=== EXTRACTED INFORMATION ===

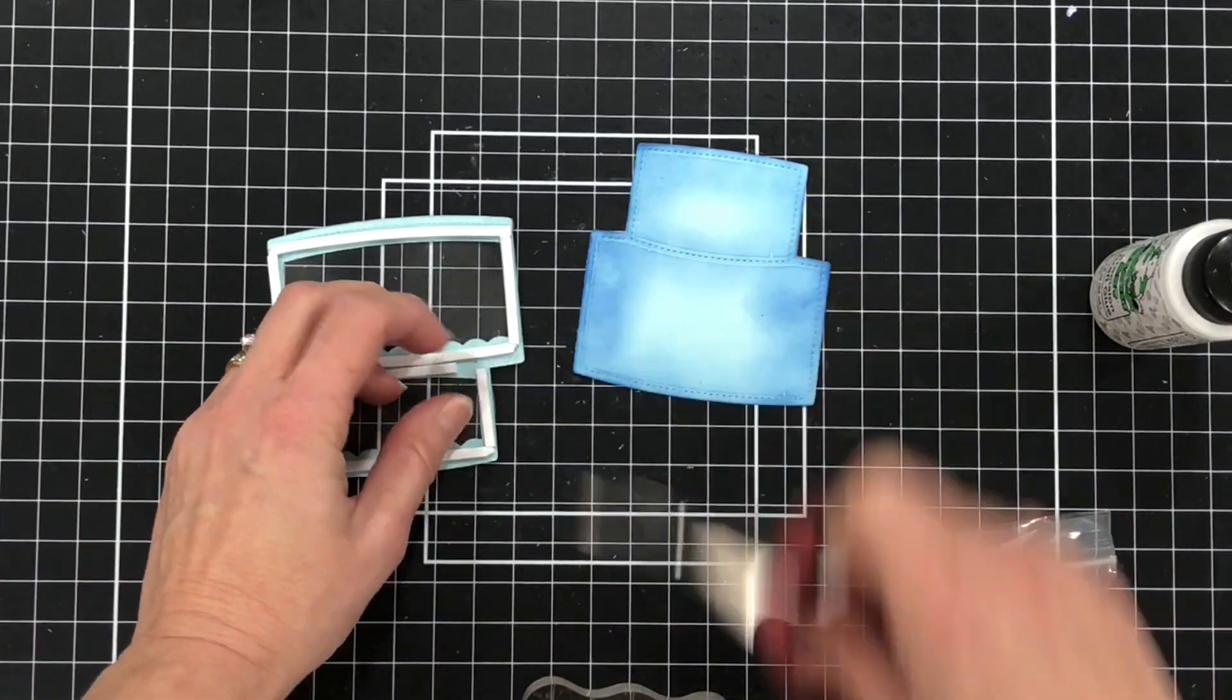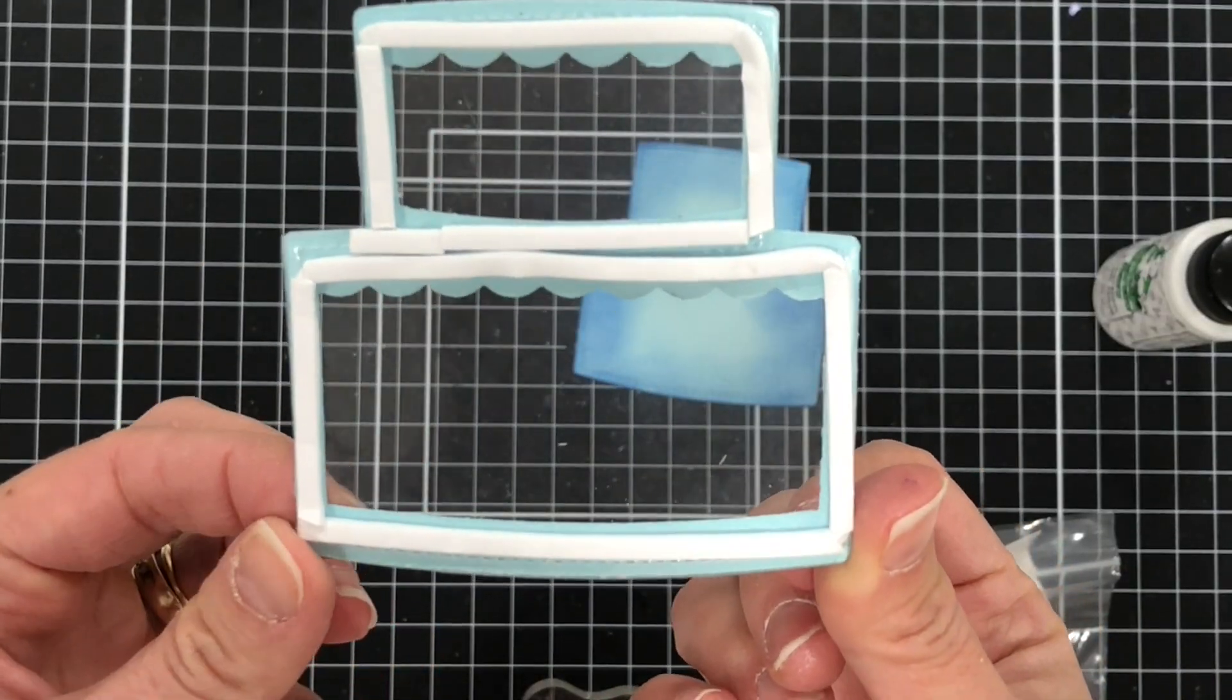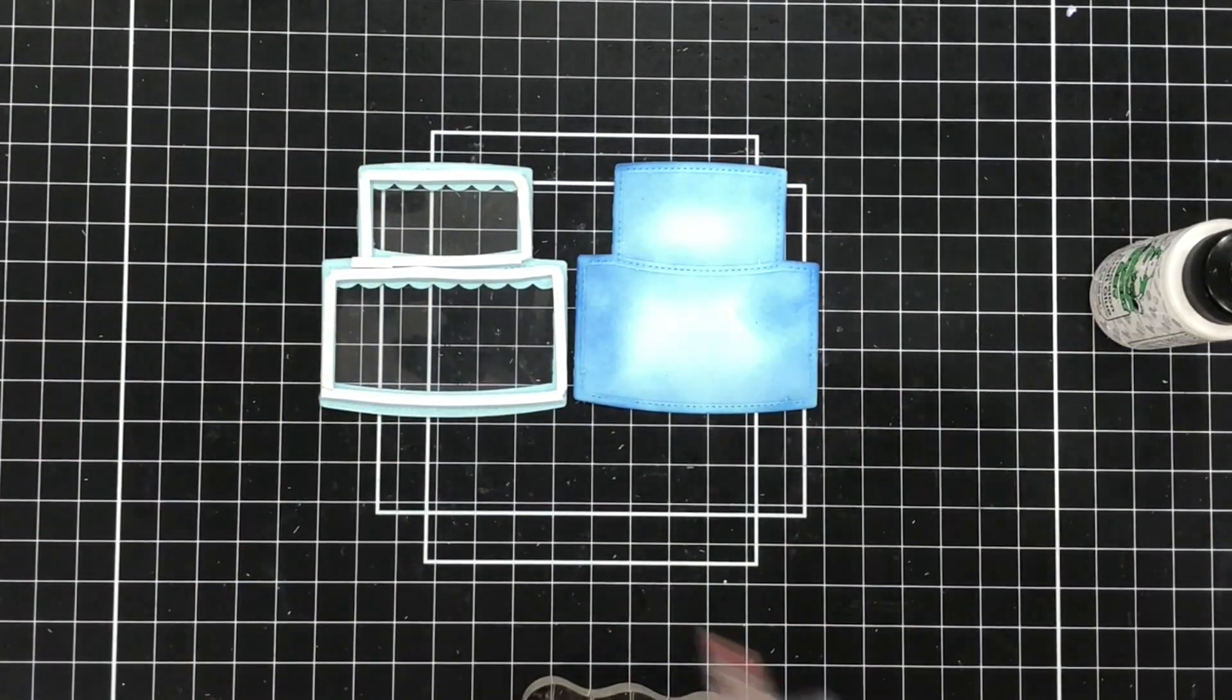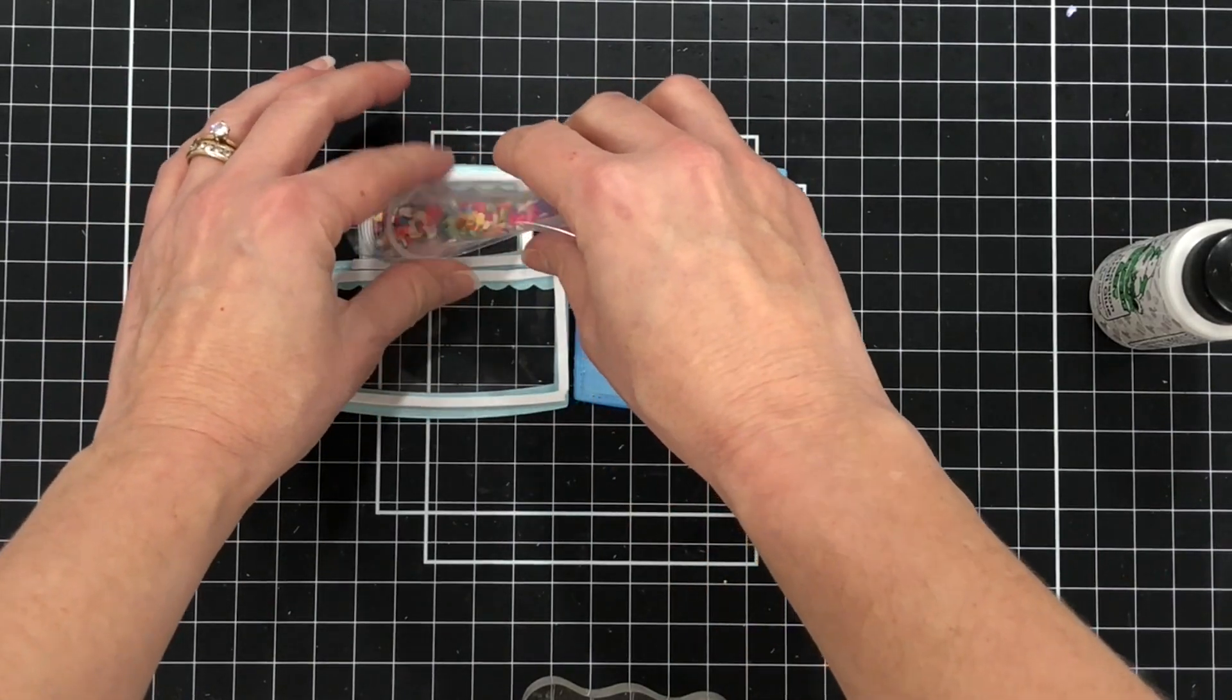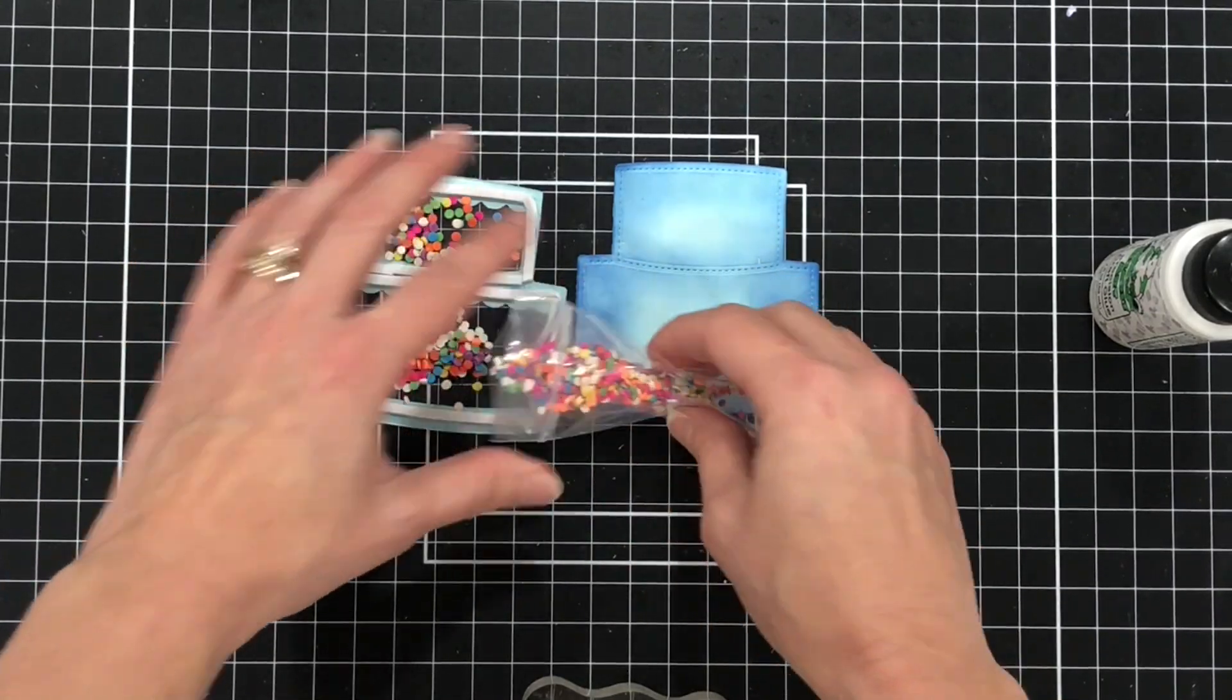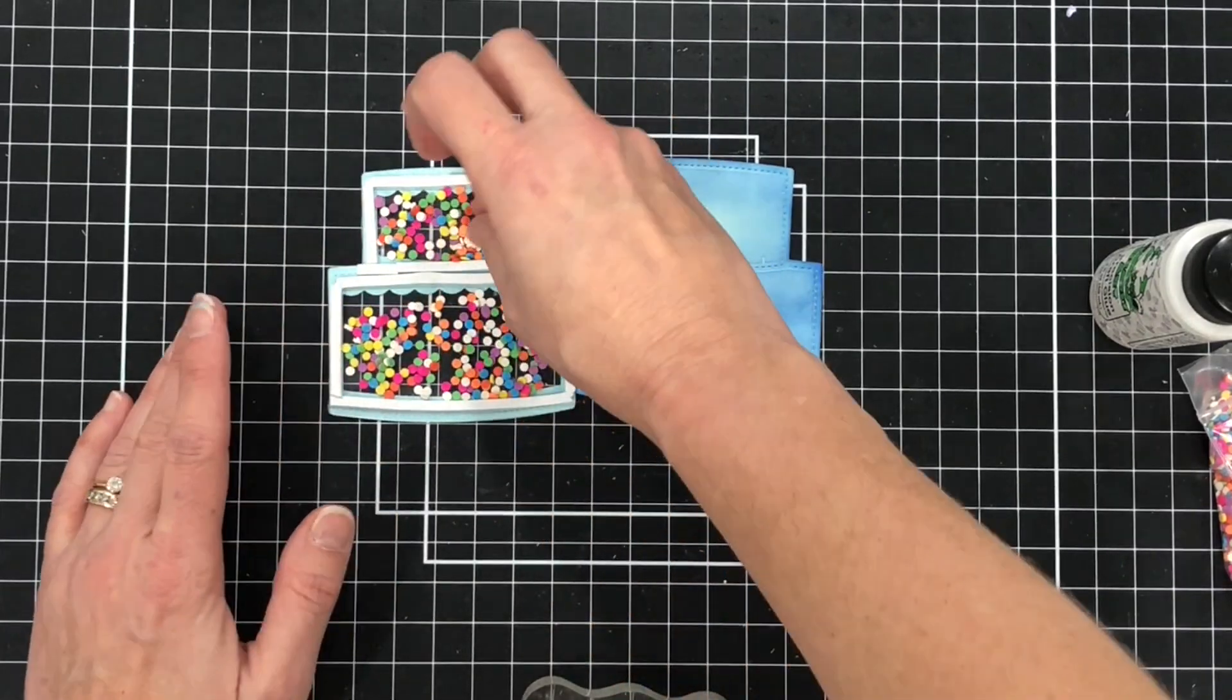If I didn't put any foam between the layers then all of my shaker pieces would fall all the way to the bottom of the bottom layer of the cake and I wanted to make sure that I had shaker pieces inside of both layers. I'm going to use the Pretty Pink Posh Bright Rainbow Mix and I'm adding the shaker pieces inside each one of those layers.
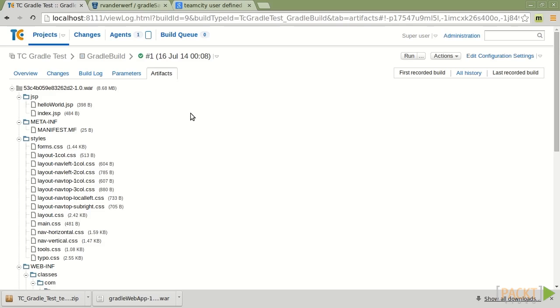Everything else beyond that is pretty much going to be TeamCity-specific configuration for when you want to set your builds to run upon check-in, polling, if it's going to be a scheduled time, or making some small tweaks to the Gradle settings. And again, I showed you some of the advanced options for changing the heap size and such.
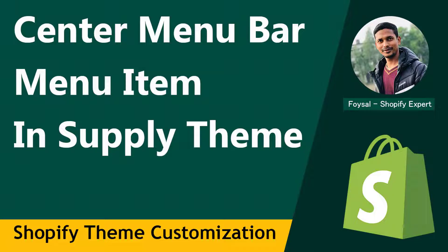Hey there, welcome to my YouTube channel. In this tutorial, I'm going to show you how to center the menu item in your Shopify online store. If you're using Shopify Supply theme and want to create your Shopify online store without hiring any developer, then you can continue this video. So let's get started.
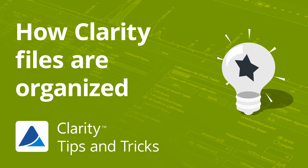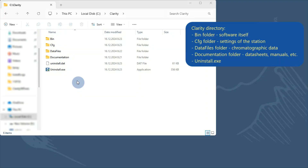Hello, in this video I will explain where Clarity files are stored and how they are organized. Let's start with the folders in the Clarity directory.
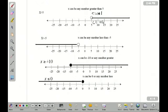So x is less than or equal to negative 10, so our dot goes above negative 10, and it's closed. That indicates that it could be negative 10, or it could be any number greater than negative 10. And finally, x is less than or equal to 0. Our dot is above 0, it's closed indicating it could be 0, and our arrow runs to the left, which means it could be any number less than 0.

===

[EXERCISE GOAL]
Reproduce, with no pictures, the lines from the one containing "Hey there, welcome" to the end of the records above, exactly and inclusively.

[YOUR SOLUTION]
Hey there, welcome to my YouTube channel. In this tutorial, I'm going to show you how to center the menu item in your Shopify online store. If you're using Shopify Supply theme and want to create your Shopify online store without hiring any developer, then you can continue this video. So let's get started.
Hello, in this video I will explain where Clarity files are stored and how they are organized. Let's start with the folders in the Clarity directory.
So x is less than or equal to negative 10, so our dot goes above negative 10, and it's closed. That indicates that it could be negative 10, or it could be any number greater than negative 10. And finally, x is less than or equal to 0. Our dot is above 0, it's closed indicating it could be 0, and our arrow runs to the left, which means it could be any number less than 0.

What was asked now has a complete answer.